Showing posts with label daniel craig. Show all posts
Showing posts with label daniel craig. Show all posts

Thursday, April 24, 2014

“Bond 24” – Holding our breath for the next 007 feature

James Bond fans are always grasping on to any rumour that surfaces about the movie franchise, especially when it comes to the next release in the 007 series. This time around, it’s no different as we all await the next Bond release in 2015 which has just started to generate talk and speculation about the plot and, more intriguingly, who will star in it.




   Any 007 release is exciting; it becomes an event for the entire world to reminisce over the Bond collection. Since 1962, there have been 23 Bond films released and in 2015 we’re set to see the next one aptly dubbed “Bond 24”. Producers of the Bond film franchise were aiming at a new Bond flick every two years but when “Bond 24” releases in November 2015, it will have been 3 years since the last release in 2012 which was “Skyfall”. But these spectacular films have always proven to be worth the wait.
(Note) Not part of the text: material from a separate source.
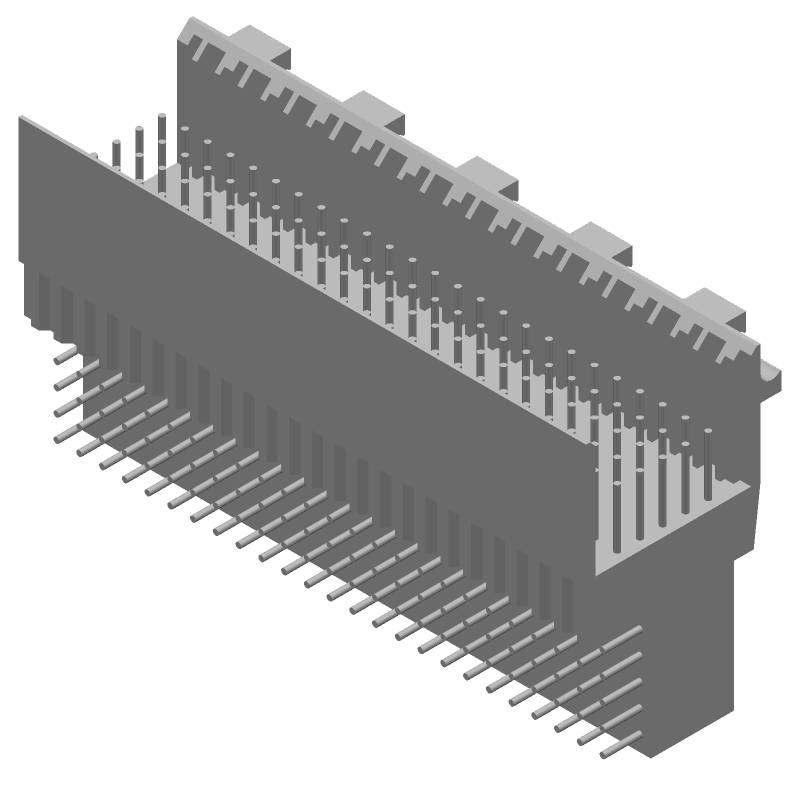 125 Pos 2mm Press Fit RA Thru-Hole Backplane Connector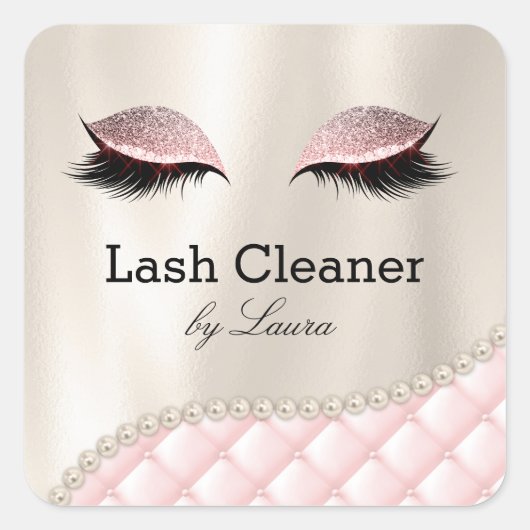 Makeup Eye Lash Lashes Tuflien reinigen Quadratischer Aufkleber (Vorderseite)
Daniel Craig will be returning to star in the 007 instalment, playing James Bond for the fourth time. His “Skyfall” stars are also rumoured to join him again, with Naomie Harris as Miss Moneypenny, Ben Whishaw as Q and (POSSIBLE SPOILER ALERT!) remarkable Ralph Fiennes, who was fantastic in Wes Anderson’s “The Grand Budapest Hotel” this year, as the new M. “Skyfall” director, Sam Mendes, is also geared up to direct. This certainly whets our appetite.
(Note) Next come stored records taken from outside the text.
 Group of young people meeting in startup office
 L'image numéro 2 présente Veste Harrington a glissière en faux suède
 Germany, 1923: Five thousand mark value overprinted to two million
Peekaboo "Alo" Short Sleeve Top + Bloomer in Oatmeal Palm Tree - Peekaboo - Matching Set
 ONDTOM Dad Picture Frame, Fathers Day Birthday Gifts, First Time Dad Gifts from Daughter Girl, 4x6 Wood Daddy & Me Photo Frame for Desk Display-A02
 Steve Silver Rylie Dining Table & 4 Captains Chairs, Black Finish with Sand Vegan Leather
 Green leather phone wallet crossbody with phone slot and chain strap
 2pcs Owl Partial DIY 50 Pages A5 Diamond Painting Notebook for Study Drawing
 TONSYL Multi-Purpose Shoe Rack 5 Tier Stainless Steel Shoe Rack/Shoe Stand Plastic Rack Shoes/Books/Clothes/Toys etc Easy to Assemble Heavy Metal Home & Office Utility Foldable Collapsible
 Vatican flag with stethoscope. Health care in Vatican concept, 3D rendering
But that’s not all. “12 Years a Slave” star Chiwetel Ejiofor is being sought to play the Bond villain. After he garnered much praise and critical acclaim for the multi Oscar-winning film, he has caught the attention of many filmmakers. The producers' decision to target Ejiofor is said to have been motivated by the winning recruitment of Oscar-winner Javier Bardem to play Silva, the villain of “Skyfall”. If Ejiofor’s performance in Steve McQueen’s “12 Years a Slave” is anything to go by, we know that he has the ability to step up to the role of even a villain.




Filming on “Bond 24” is soon to be underway after Craig and his significant other, Academy Award-winning actress Rachel Weisz, have just performed on Broadway. “Skyfall” was the most successful James Bond movie so far, breaking the $1 billion mark at the box office, which means it will be even more demanding to top that with the next film. But with a clever release date set for November 2015, wisely avoiding the crazy summer period as well as “Star Wars” Month; who knows the heights that “Bond 24” could scale to.

Tuesday, December 4, 2012

James Bond - The Spy who cannot Die


“This man is supposed to be a spy and yet everybody knows he is a spy. Every bartender in the world offers him martinis that are shaken not stirred.”
-       Roger Moore


Not many enterprises can boast of never going out of fashion or of never failing to get people talking fifty years down the line. It’s been fifty years since the first Bond film, Dr No, and this past week saw the Bond brand still going strong with the release of the latest film, Skyfall.



The James Bond brand has become such an ever-present part of society that we take for granted the lengths that are gone to to keep the fire of the enterprise burning bright. One of the tricks to this feat is that the Bond character is continually being reborn – from only falling in love twice, giving comic relief through Roger Moore, to the laddish Bond portrayed by Pierce Brosnan. The Bond of each time has to some extent fitted into the generation of his incarnation.



It all began with the books from the 50’s penned by Ian Fleming. The 50’s saw radical change, before the flashy and revolutionary 60’s, and people were looking to inhabit a new radical world apart from the horrors and tragedies of the war. Ian Fleming was a radical in his own way and was witness to a different kind of heroes in action – the intellectual badass and the tough, ruthless men who were well-educated and part of high society. They were the commandoes and special agents that inspired Fleming to write the character of Bond, an Eton dropout and government assassin who was bored by the demure traditions of courtship. Even Bond’s name was a deliberate distancing from the convention of upper-class British “gentlemen” crime fighters. Bond might not be a gentleman in the customary sense of the word, but he is a hero in all kinds of ways.

Although the literary embodiment of Bond provided escapism through a spy who traipsed to exotic locations around the world and bedded highly desirable women, he was not suited to the time he was born into through the novels and the words could not quite do justice to his larger-than-life persona and escapades. Bond became the poster boy of the Swinging 60’s – flippant, sexy, amoral, and oh-so-charming. The first Bond, Sean Connery, and arguably the finest, set the bar for the Bond actor very high.



James Bond is a fantasy, but he has become real enough to millions of fans around the world who have remained faithful to the brand for years and will continue to do so just because there is no hero quite like “Bond, James Bond”.